Er hat seinen Teil unserer Verabredung – zum Glück – nicht gehalten, wenige Jahre später wohnten wir in einer WG zusammen.
In den achtziger Jahren konnte Geiger dann auch eine zweite Passion entfalten, die er schon lange pflegte. Er arbeitete beim „Nebelhorn“ mit, einem Konstanzer Regionalmagazin mit politischem Anspruch. Politik hieß für ihn nicht nur zu reden, zu demonstrieren und Häuser zu besetzen, sondern vor allem auch zu schreiben, um möglichst viele Menschen zu erreichen und zu mobilisieren.
Mit dem Schreiben verdiente er übrigens auch sein Geld. Er arbeitete von 1987 bis 2001 festangestellt als technischer Redakteur in Friedrichshafen. 2001 machte er sich dann in diesem Beruf selbständig, er schrieb also Bedienungsanleitungen, etwa für Drucker. Das ist kein reines Zuckerschlecken, und so hatte er in den letzten 20 Jahren immer wieder mit den wirtschaftlichen Tücken der Selbständigkeit zu kämpfen, blieb auch mal auf Rechnungen sitzen oder musste längere Phasen ohne Aufträge überbrücken.
Ich habe mit ihm vor allem in den letzten 5 Jahren auch beruflich eng zusammengearbeitet. Dabei habe ich Eigenschaften an ihm zu schätzen gelernt, die ihn zu einem idealen Kollegen machten: Ein geradezu ungeheuerlicher Fleiß und vor allem absolute Verlässlichkeit. Ein Freund, ein Wort. Man brauchte ihn an seine Zusagen nicht zu erinnern, man musste ihn nicht zum Jagen tragen, und seine Texte lieferte er – wie in der Branche üblich – unweigerlich pünktlich wenige Tage oder Wochen nach Redaktionsschluss ab, aber immer gerade noch rechtzeitig und auf den letzten Drücker. Es war eine Zusammenarbeit, wie man sie sich besser nicht hätte wünschen können, und ich weiß bis heute noch nicht, ob das bei ihm angeborene schwäbische Ordentlichkeit war, oder ob er sich diese revolutionäre Arbeitsdisziplin erst während seiner politischen Arbeit aneignete.
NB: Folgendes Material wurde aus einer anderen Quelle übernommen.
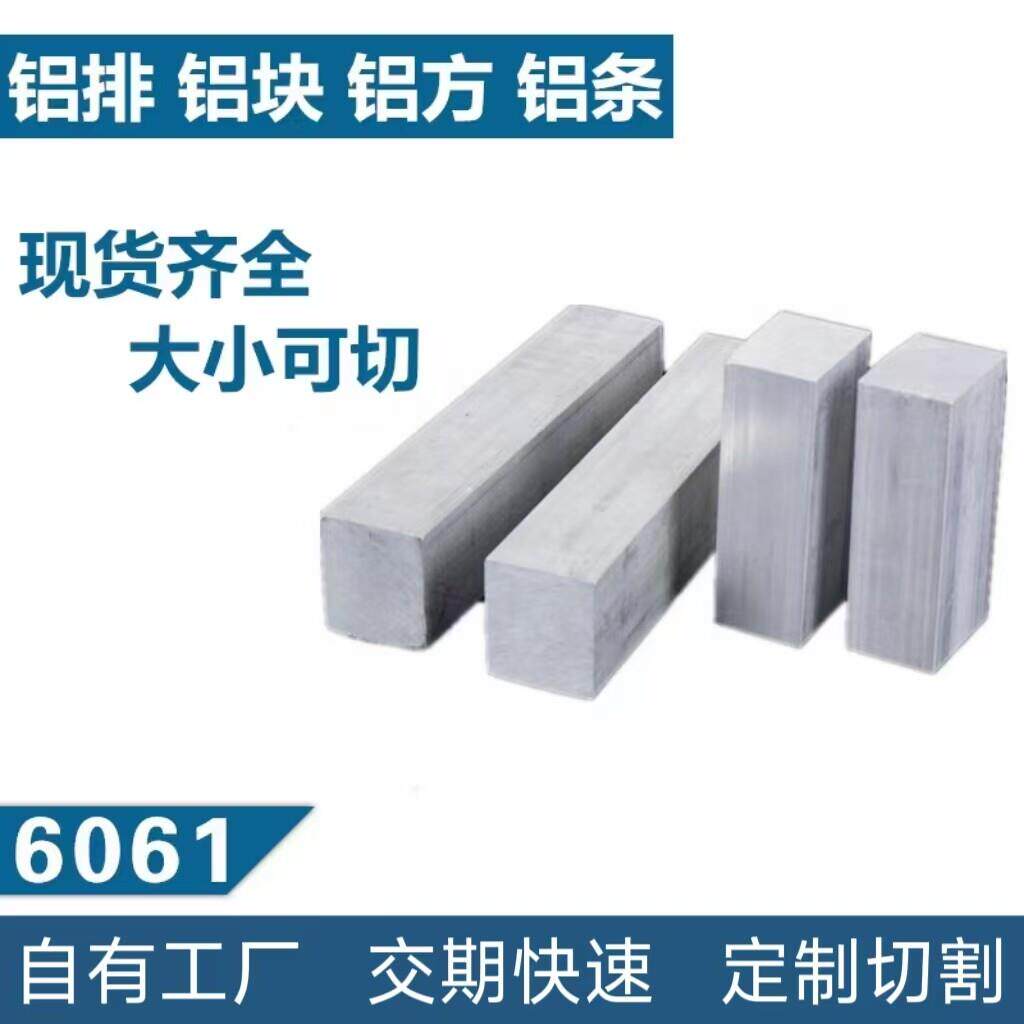零切6061铝排铝板型材检具治具散热铝块铝扁条实心铝方棒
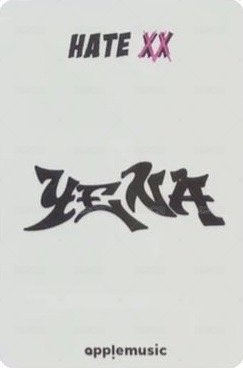 HATE XX am 線下8.0 簽售卡  背面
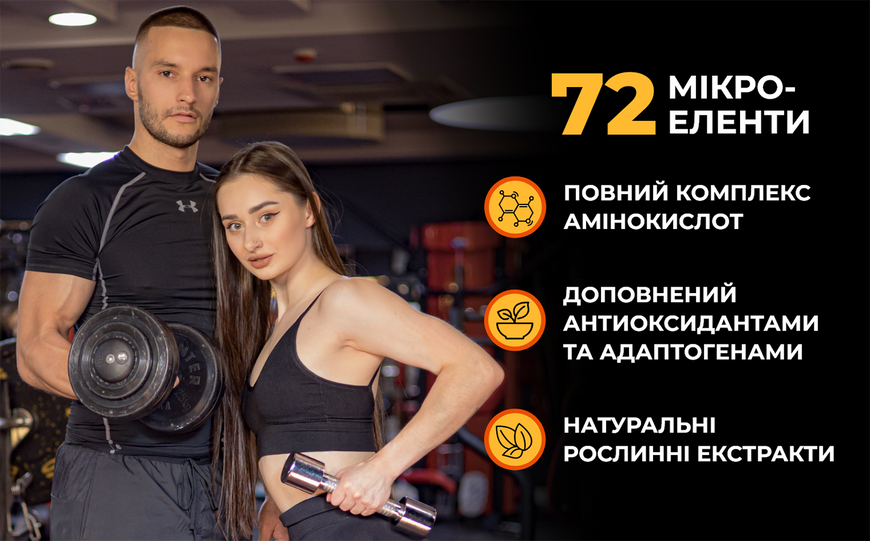 Витаминно-минеральный комплекс Sporter Mega Sport Mega-Multi Complex 500 мл Orange 817182 фото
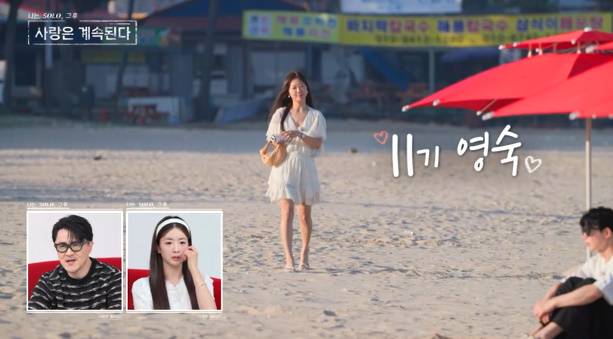 ‘나는 SOLO,(나는 솔로) 그 후 사랑은 계속된다’(나솔사계)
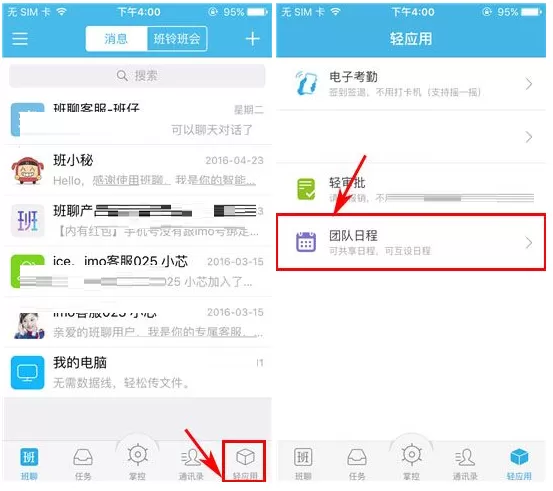 在imo班聊中设置允许别人查看我的日程的方法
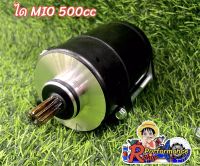 ไดร์สตาร์ท มอเตอร์สตาร์ทแต่ง Mio ขนาด500cc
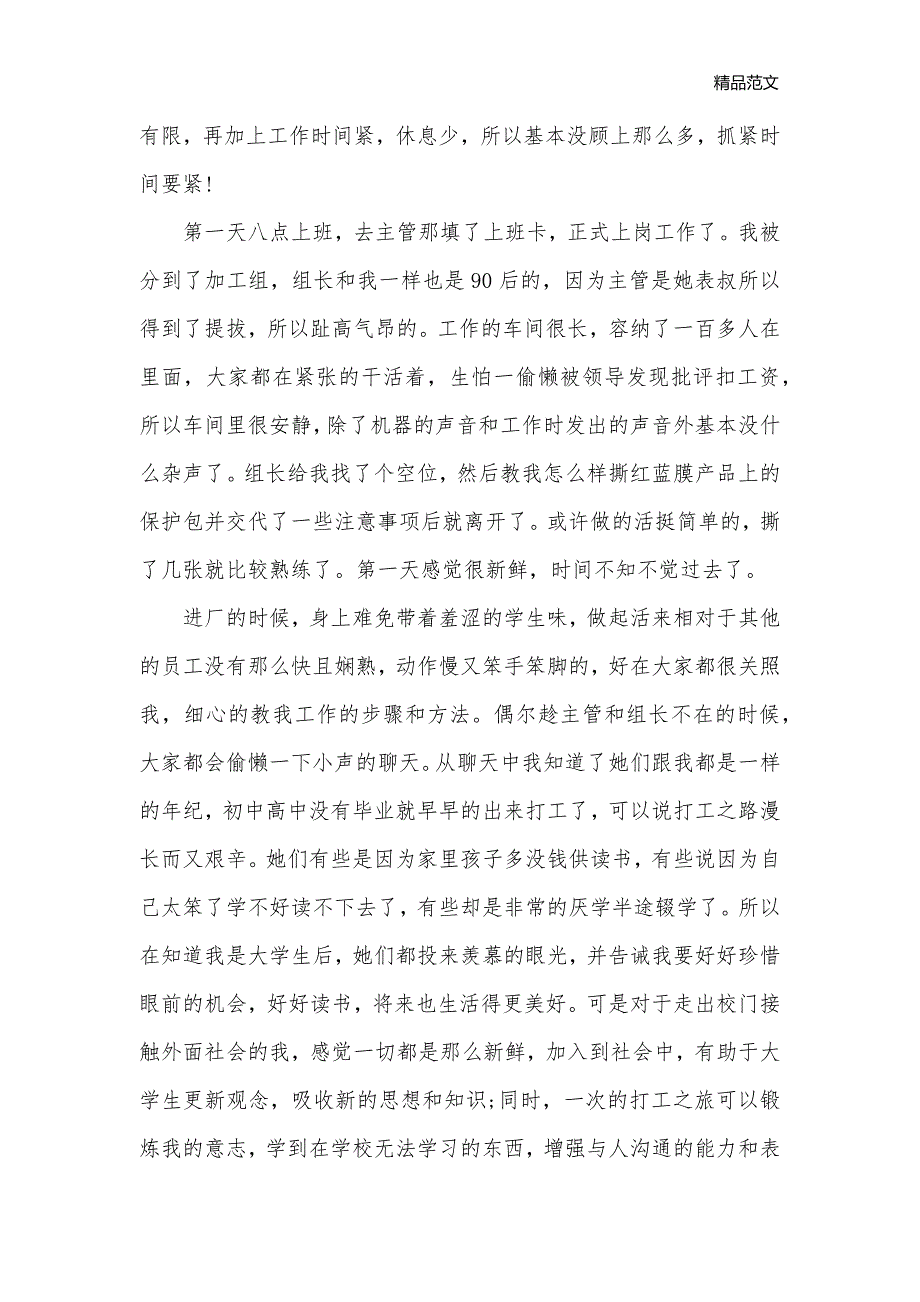 大学生暑假打工社会实践报告范文精选_暑期社会实践报告__第3页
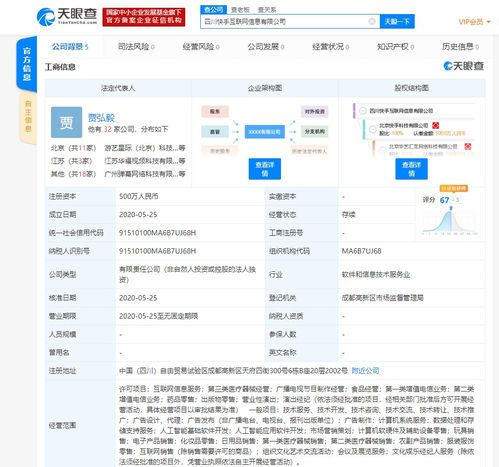 快手在四川自貿(mào)區(qū)成立新公司，跨界布局人工智能與醫(yī)療器械賽道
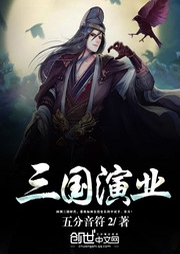 三国演业-佚名-小酷说书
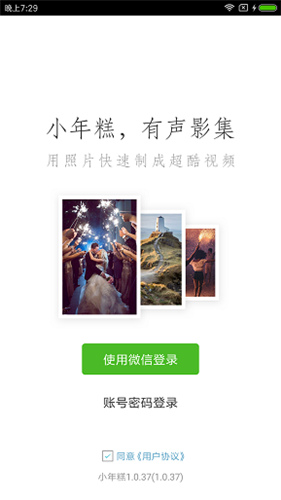 小年糕app软件下载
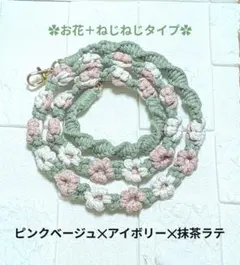 ひまわり畑☆様 リクエスト 2点 まとめ商品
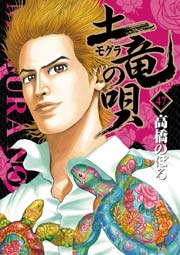 土竜の唄 47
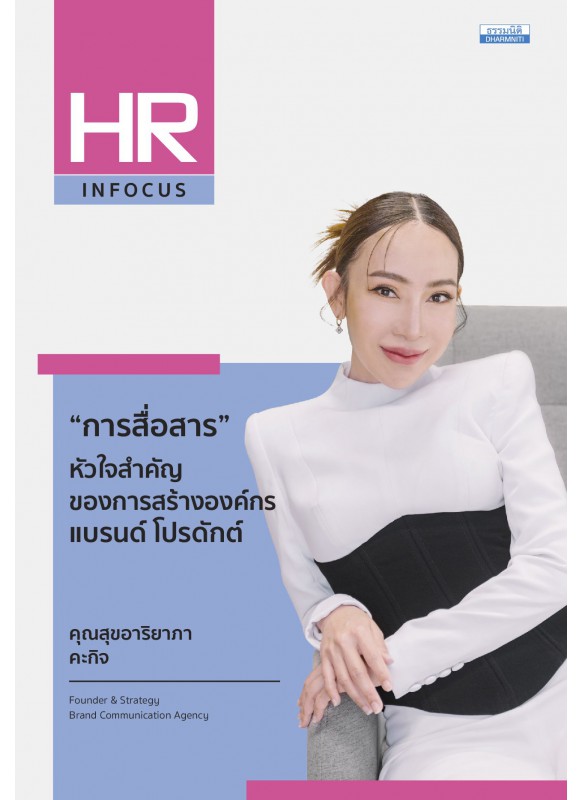 “การสื่อสาร” หัวใจสำคัญของการสร้างองค์กร แบรนด์ โปรดักต์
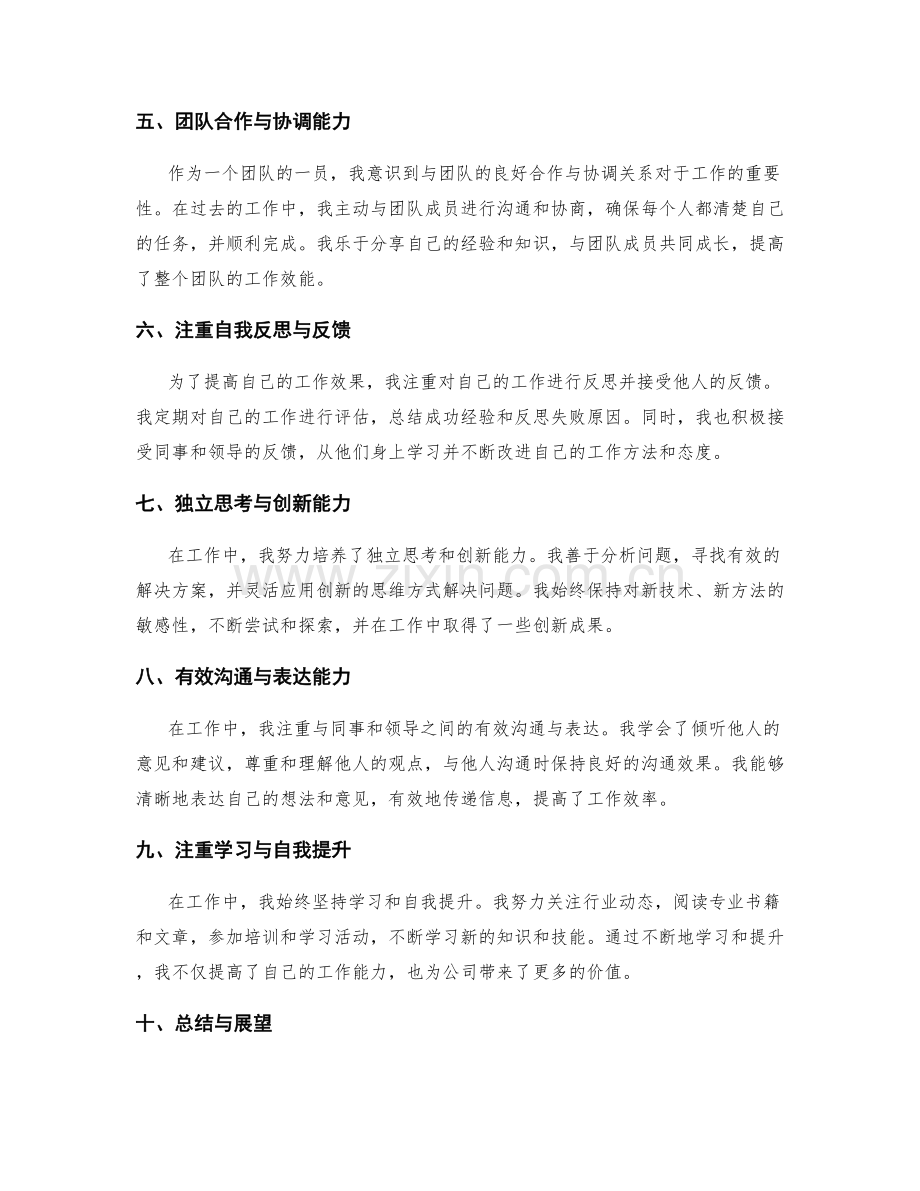 工作总结中重点突出个人工作成效.docx_第2页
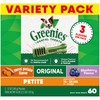Greenies Petite Dental Dog Treats, 3-Flavor Variety Pack, (3) 12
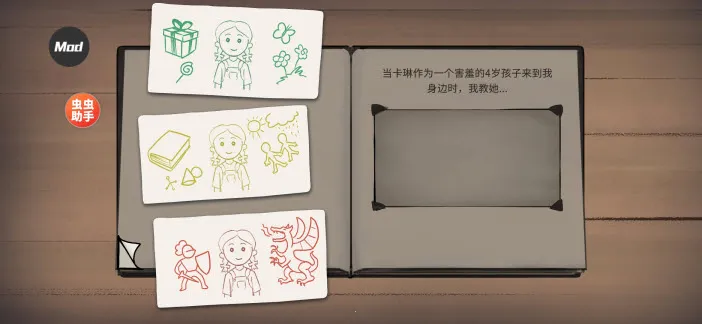 �ҵĺ����µĿ�ʼ2026�ٷ�����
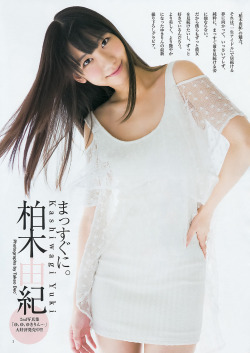 [Weekly Young Jump] 2012.8.2 No.34 AKB48 Kashiwagi Yuki 柏木由紀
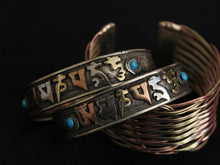 Load image into Gallery viewer, 2 Tibetan Six Word Mantras Rose Copper Bangles together with copper wire weaved together
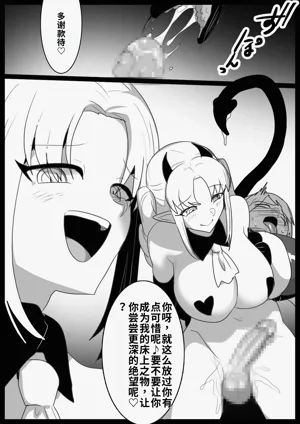 第19页图
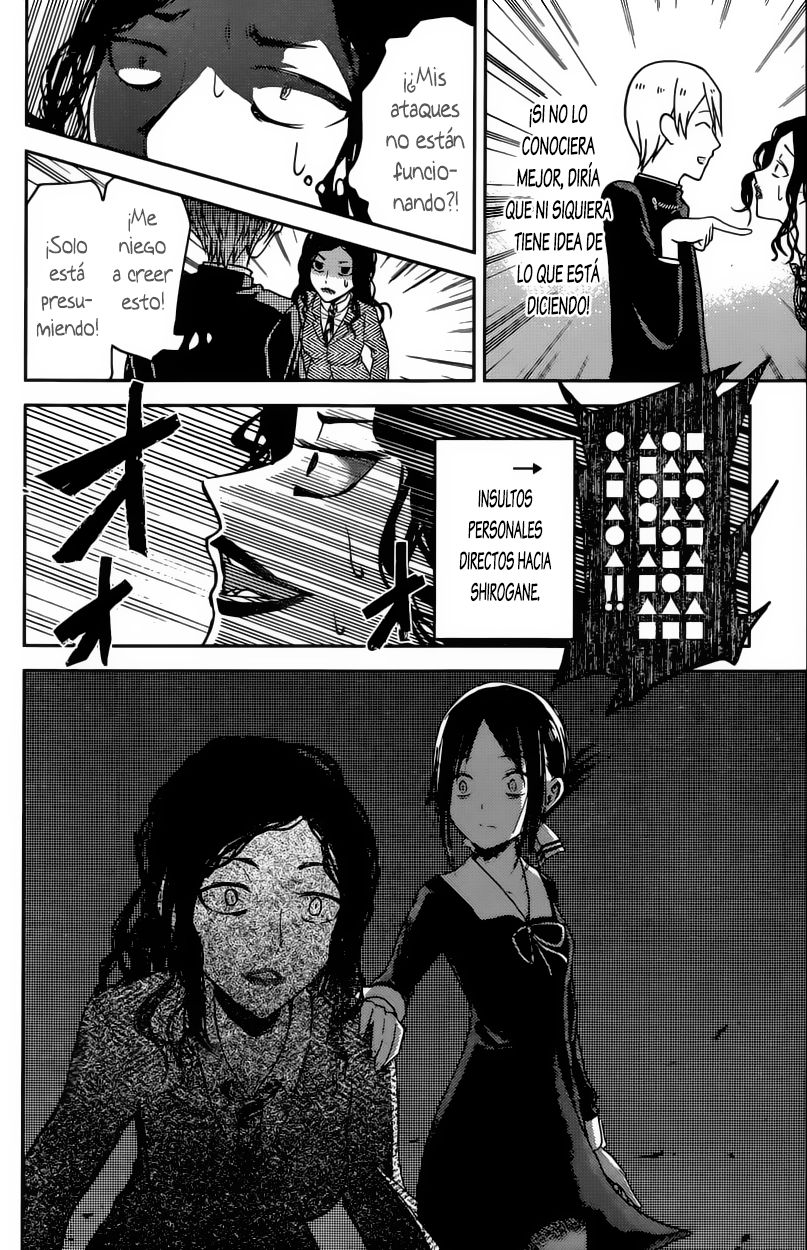 Read Kaguya-sama love is war Es Manga Online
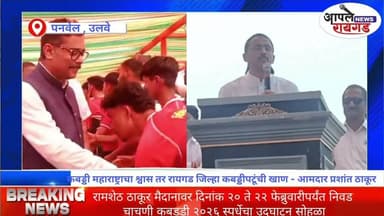 #Ulave रामशेठ ठाकूर मैदानावर २० ते २२ फेब्रुवारीपर्यंत निवडचाचणी कबड्डी २०२६ स्पर्धेचा उदघाटन सोहळा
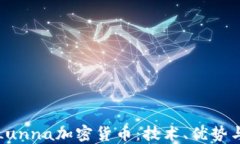 深入探讨Lunna加密货币：技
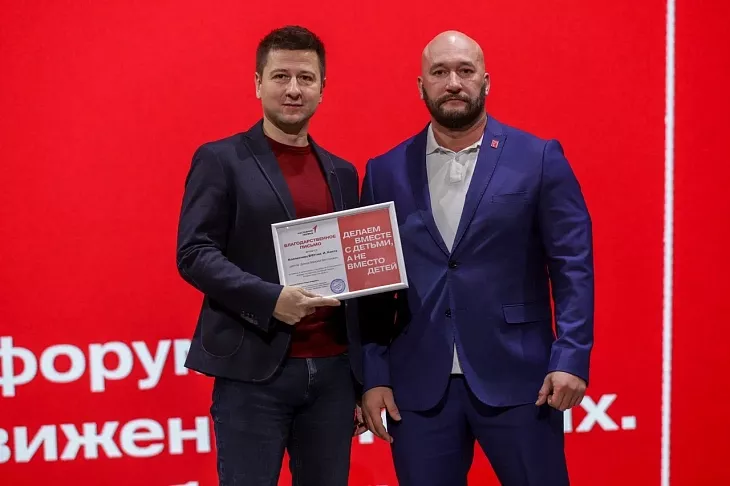 БФУ им. И. Канта стал площадкой проведения форума наставников  «Движения Первых» Калининградской области |  2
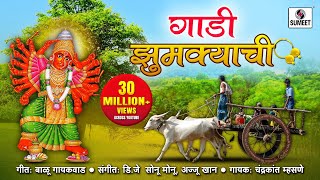 Gaadi Jhumkyachi Jhumkyachi DJ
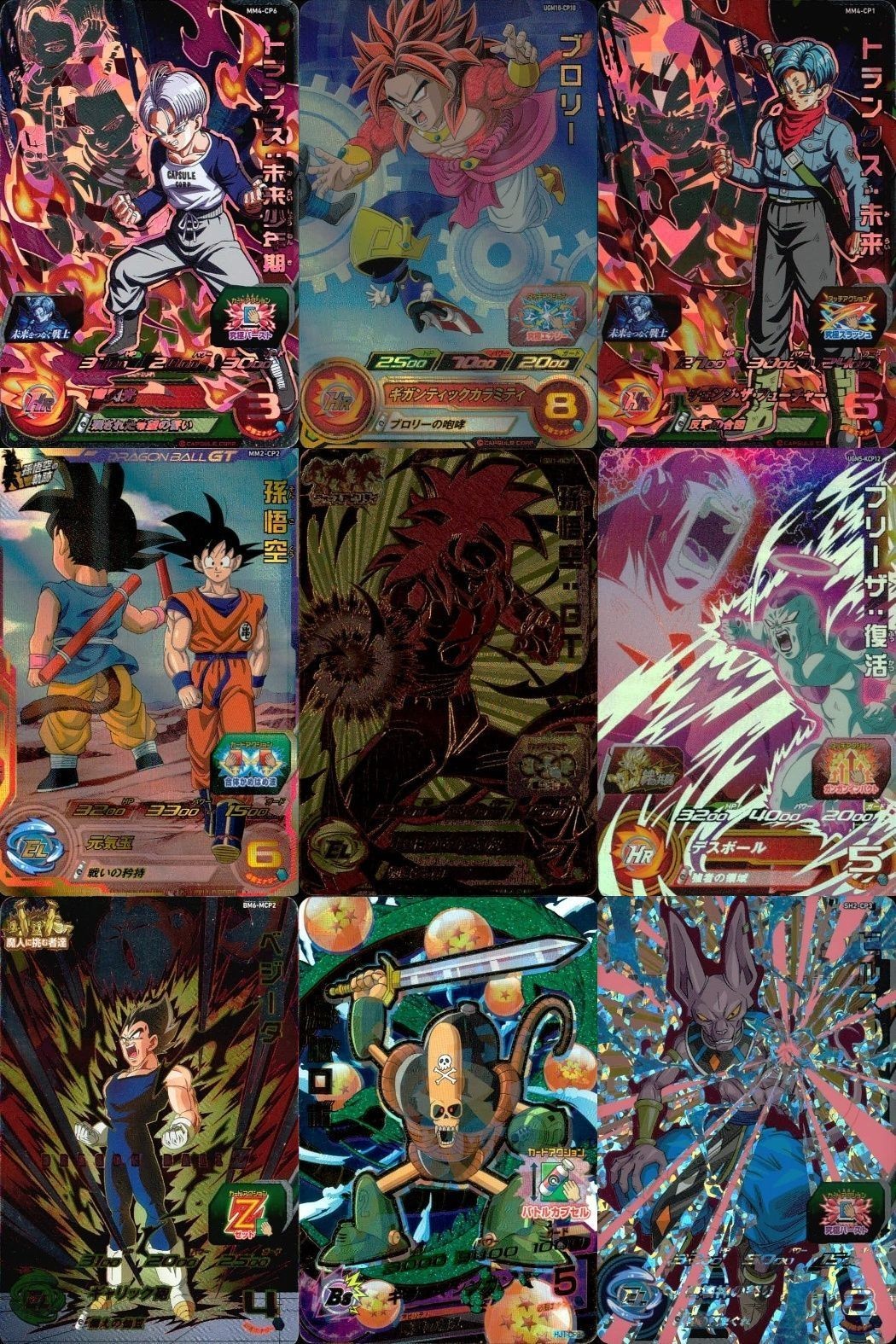 CP DBH ドラゴンボールヒーローズ CPまとめ トランクス ブロリー等 キラ DBH まとめ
Besser geht es nicht, und das gilt auch für unsere paar gemeinsamen Jahre bei „seemoz“. Wir hatten seit etwa 2010 immer mal wieder etwas für seemoz geschrieben, aber als HP Koch, einer der beiden Macher des Online-Magazins, am 23. Januar 2019 überraschend starb, stiegen wir dort richtig ein. Geiger schrieb nicht nur geschliffen und weiterhin sehr kämpferisch über Politik, er eignete sich auch die technische Seite an und stellte als Administrator seemoz Tag für Tag ins Netz. Und das über Jahre, Urlaub kannte er kaum, einen Feierabend auch nicht. Wenn ein Text, der um Mitternacht erscheinen sollte, erst um 23.40 Uhr bei ihm ankam, war er selbstverständlich immer noch zur Stelle, das eigentlich Unmögliche möglich zu machen.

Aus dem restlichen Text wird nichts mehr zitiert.